Absolutely! I've read nothing but great things about the lens. Like you said, the color and smoothness of the backgrounds are really fantastic, even straight out of camera. It makes post processing much easier and more enjoyable, even if sometimes the end product doesn't differ by leaps and bounds from that of my 50mm (at 800x600, at least).

I am currently using a D7000. So I think the 85mm lens gives me a focal length closer to 130mm? A little inconvenient, but it's not a big problem when we're outdoors, and it definitely makes up for it in all other aspects! A 24-70mm is my top dream lens, of course, but I'll have to save up first  One day!!

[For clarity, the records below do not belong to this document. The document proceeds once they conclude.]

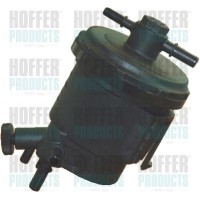 4852 HOFFER Паливний фільтр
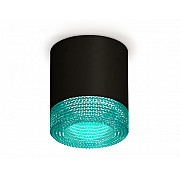 Точечный светильник Techno XS7402013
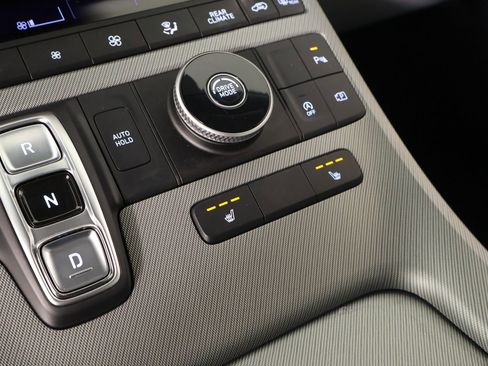 Used 2025 Hyundai Palisade SEL image 8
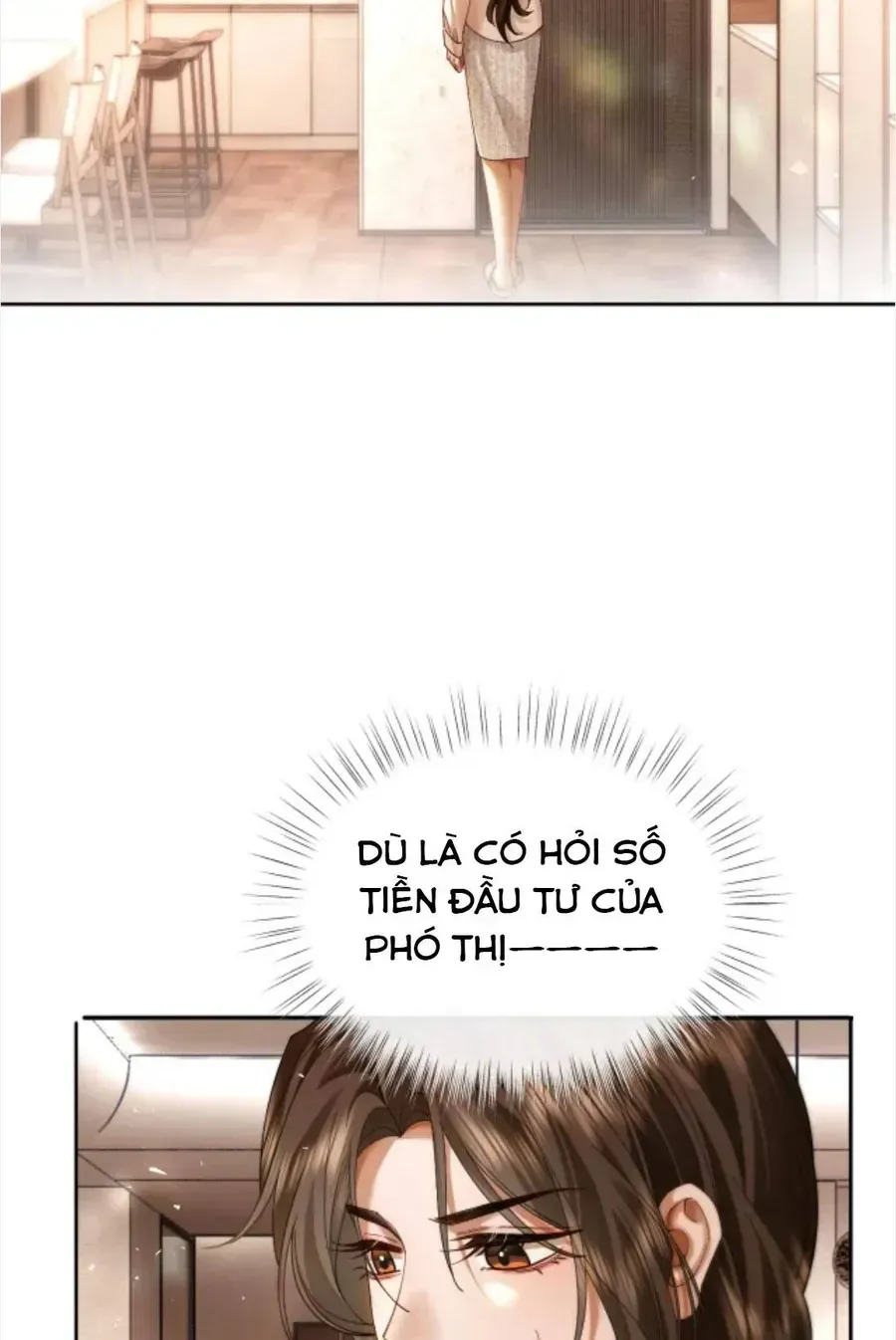 Quyến Rũ Cô Ấy - Chap 56 - Trang 11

Huge thanks for the kind words on the pictures and my dog!


----------



## Mr. D (Oct 4, 2013)

It at least seems you guys understand it's the glass and not the camera.


----------



## Rei (Oct 10, 2008)

Mr. D said:


> It at least seems you guys understand it's the glass and not the camera.

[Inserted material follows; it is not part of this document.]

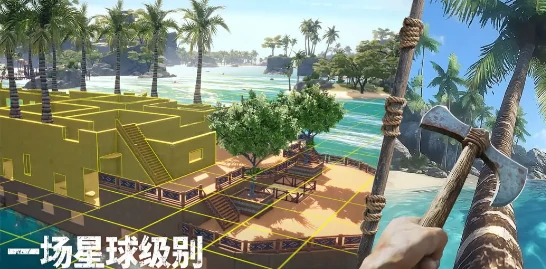 荒原曙光攻略指南,荒原曙光新手怎么玩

Haha, okay, I'll admit that I get a little too excited about gear  To be fair, I'm also trying to work on my photography as well! I'm still a long way off from the dreaded GAS; I'm just a little overenthusiastic. Some of my lenses really have helped me learn more about the technical and creative aspects of photography.

Of course I won't be "there" for a long while, but I like playing around when I can. Plus I'm just in it for the fun, and only started last year, so I don't think I'll be switching to full frame anytime soon. I can't imagine having that extra money and not wanting to spend it on lenses instead!


----------



## gsdlover91 (Jul 21, 2012)

Oh my god. These are such beautiful pictures. I really am a sucker for any picture of a GSD, autumn...and sunsets.  The fact that these photos are SO realistic that I feel like I am standing right there...wow. 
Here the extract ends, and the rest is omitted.